**BRIEF:** Repeat the listing in full, word for word.

**RECORDS SUPPLIED:**
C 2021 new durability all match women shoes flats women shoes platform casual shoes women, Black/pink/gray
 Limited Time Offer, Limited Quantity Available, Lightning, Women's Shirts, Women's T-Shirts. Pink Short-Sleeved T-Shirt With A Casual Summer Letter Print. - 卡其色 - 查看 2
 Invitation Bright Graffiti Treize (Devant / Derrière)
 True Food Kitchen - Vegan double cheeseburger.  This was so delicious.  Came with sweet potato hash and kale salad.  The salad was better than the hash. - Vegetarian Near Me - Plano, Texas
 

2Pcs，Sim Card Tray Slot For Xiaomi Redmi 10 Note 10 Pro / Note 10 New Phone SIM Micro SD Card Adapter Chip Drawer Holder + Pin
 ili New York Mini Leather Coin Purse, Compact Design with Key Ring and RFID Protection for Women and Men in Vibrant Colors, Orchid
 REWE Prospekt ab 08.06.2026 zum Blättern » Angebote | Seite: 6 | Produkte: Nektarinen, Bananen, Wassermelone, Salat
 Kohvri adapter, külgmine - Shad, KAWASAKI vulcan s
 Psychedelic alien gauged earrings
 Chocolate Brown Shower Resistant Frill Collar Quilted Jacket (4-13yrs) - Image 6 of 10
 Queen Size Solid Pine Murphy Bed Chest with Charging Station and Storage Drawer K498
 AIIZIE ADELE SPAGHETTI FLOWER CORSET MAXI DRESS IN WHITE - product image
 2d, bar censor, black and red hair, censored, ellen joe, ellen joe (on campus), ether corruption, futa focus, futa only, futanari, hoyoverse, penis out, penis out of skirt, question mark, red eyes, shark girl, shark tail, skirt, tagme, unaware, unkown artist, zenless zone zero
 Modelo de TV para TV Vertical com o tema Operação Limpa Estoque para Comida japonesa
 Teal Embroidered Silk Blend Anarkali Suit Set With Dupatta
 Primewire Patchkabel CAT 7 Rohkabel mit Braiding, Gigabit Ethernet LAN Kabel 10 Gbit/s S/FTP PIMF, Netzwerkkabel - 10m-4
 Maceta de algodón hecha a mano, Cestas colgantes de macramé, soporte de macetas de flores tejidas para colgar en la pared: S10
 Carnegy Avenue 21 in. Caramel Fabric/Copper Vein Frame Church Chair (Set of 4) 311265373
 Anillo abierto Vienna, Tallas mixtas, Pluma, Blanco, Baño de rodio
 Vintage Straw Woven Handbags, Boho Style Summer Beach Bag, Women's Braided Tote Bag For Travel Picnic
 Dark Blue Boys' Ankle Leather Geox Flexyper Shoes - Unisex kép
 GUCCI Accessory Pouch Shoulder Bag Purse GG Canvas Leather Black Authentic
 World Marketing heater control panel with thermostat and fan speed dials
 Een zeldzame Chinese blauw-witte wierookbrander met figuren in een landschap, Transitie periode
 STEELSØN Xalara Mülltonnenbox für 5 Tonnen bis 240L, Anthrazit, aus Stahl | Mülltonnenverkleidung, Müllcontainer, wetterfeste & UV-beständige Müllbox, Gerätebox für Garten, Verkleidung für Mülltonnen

**WORKED SOLUTION:**
C 2021 new durability all match women shoes flats women shoes platform casual shoes women, Black/pink/gray
 Limited Time Offer, Limited Quantity Available, Lightning, Women's Shirts, Women's T-Shirts. Pink Short-Sleeved T-Shirt With A Casual Summer Letter Print. - 卡其色 - 查看 2
 Invitation Bright Graffiti Treize (Devant / Derrière)
 True Food Kitchen - Vegan double cheeseburger.  This was so delicious.  Came with sweet potato hash and kale salad.  The salad was better than the hash. - Vegetarian Near Me - Plano, Texas
 

2Pcs，Sim Card Tray Slot For Xiaomi Redmi 10 Note 10 Pro / Note 10 New Phone SIM Micro SD Card Adapter Chip Drawer Holder + Pin
 ili New York Mini Leather Coin Purse, Compact Design with Key Ring and RFID Protection for Women and Men in Vibrant Colors, Orchid
 REWE Prospekt ab 08.06.2026 zum Blättern » Angebote | Seite: 6 | Produkte: Nektarinen, Bananen, Wassermelone, Salat
 Kohvri adapter, külgmine - Shad, KAWASAKI vulcan s
 Psychedelic alien gauged earrings
 Chocolate Brown Shower Resistant Frill Collar Quilted Jacket (4-13yrs) - Image 6 of 10
 Queen Size Solid Pine Murphy Bed Chest with Charging Station and Storage Drawer K498
 AIIZIE ADELE SPAGHETTI FLOWER CORSET MAXI DRESS IN WHITE - product image
 2d, bar censor, black and red hair, censored, ellen joe, ellen joe (on campus), ether corruption, futa focus, futa only, futanari, hoyoverse, penis out, penis out of skirt, question mark, red eyes, shark girl, shark tail, skirt, tagme, unaware, unkown artist, zenless zone zero
 Modelo de TV para TV Vertical com o tema Operação Limpa Estoque para Comida japonesa
 Teal Embroidered Silk Blend Anarkali Suit Set With Dupatta
 Primewire Patchkabel CAT 7 Rohkabel mit Braiding, Gigabit Ethernet LAN Kabel 10 Gbit/s S/FTP PIMF, Netzwerkkabel - 10m-4
 Maceta de algodón hecha a mano, Cestas colgantes de macramé, soporte de macetas de flores tejidas para colgar en la pared: S10
 Carnegy Avenue 21 in. Caramel Fabric/Copper Vein Frame Church Chair (Set of 4) 311265373
 Anillo abierto Vienna, Tallas mixtas, Pluma, Blanco, Baño de rodio
 Vintage Straw Woven Handbags, Boho Style Summer Beach Bag, Women's Braided Tote Bag For Travel Picnic
 Dark Blue Boys' Ankle Leather Geox Flexyper Shoes - Unisex kép
 GUCCI Accessory Pouch Shoulder Bag Purse GG Canvas Leather Black Authentic
 World Marketing heater control panel with thermostat and fan speed dials
 Een zeldzame Chinese blauw-witte wierookbrander met figuren in een landschap, Transitie periode
 STEELSØN Xalara Mülltonnenbox für 5 Tonnen bis 240L, Anthrazit, aus Stahl | Mülltonnenverkleidung, Müllcontainer, wetterfeste & UV-beständige Müllbox, Gerätebox für Garten, Verkleidung für Mülltonnen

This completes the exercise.